WHAT YOU HAVE TO DO: Of all the entries below, retype only the lines from the one with "1 bedroom, bed sheets" through the one with "Cozy Old Town", exactly as they appear.

EXERCISE DATA:
——————————

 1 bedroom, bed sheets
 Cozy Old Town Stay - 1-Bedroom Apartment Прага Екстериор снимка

——————————

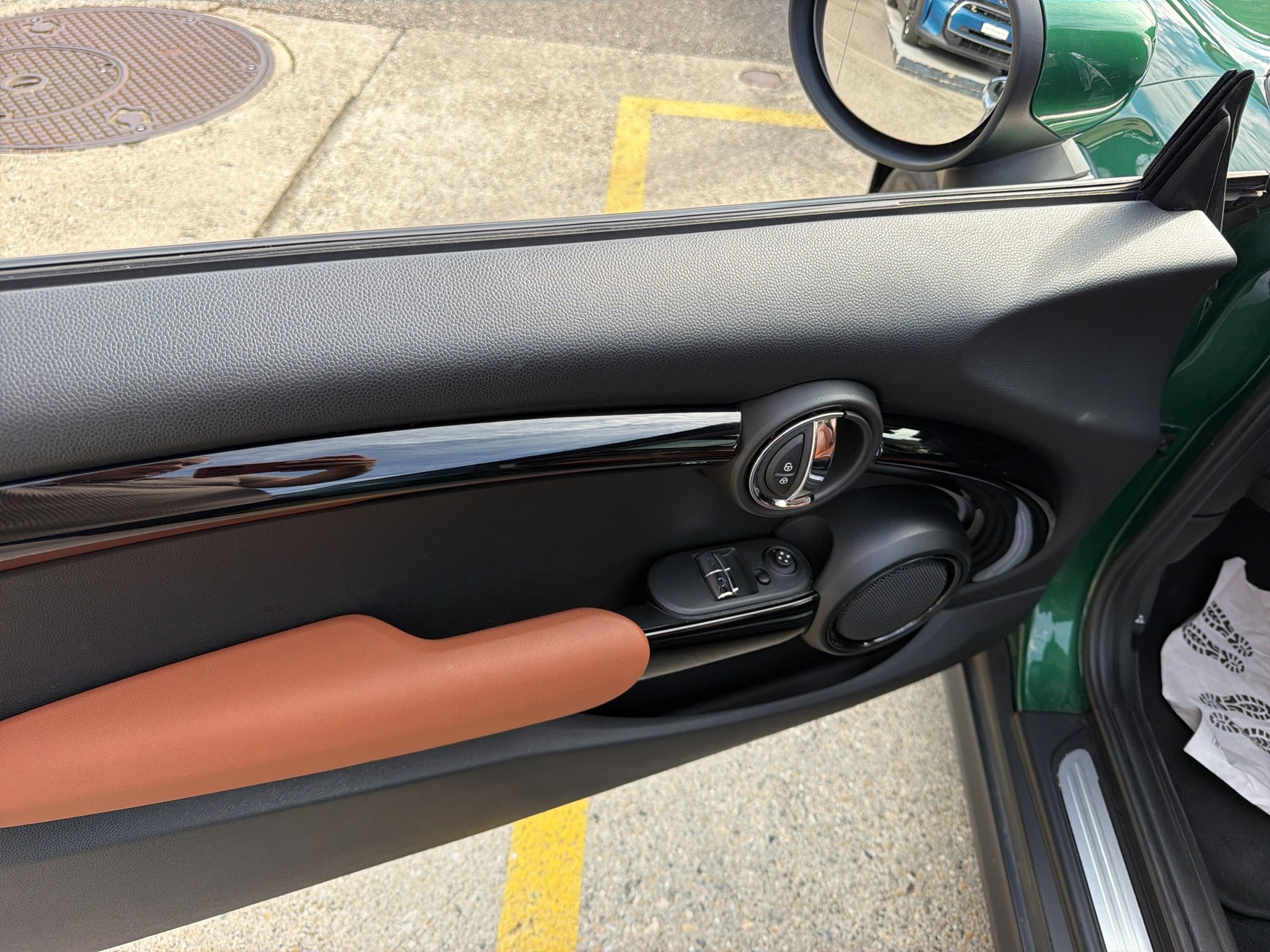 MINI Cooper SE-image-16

——————————

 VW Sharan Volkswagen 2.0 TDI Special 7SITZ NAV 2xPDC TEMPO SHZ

——————————

RESPONSE BELOW:
 1 bedroom, bed sheets
 Cozy Old Town Stay - 1-Bedroom Apartment Прага Екстериор снимка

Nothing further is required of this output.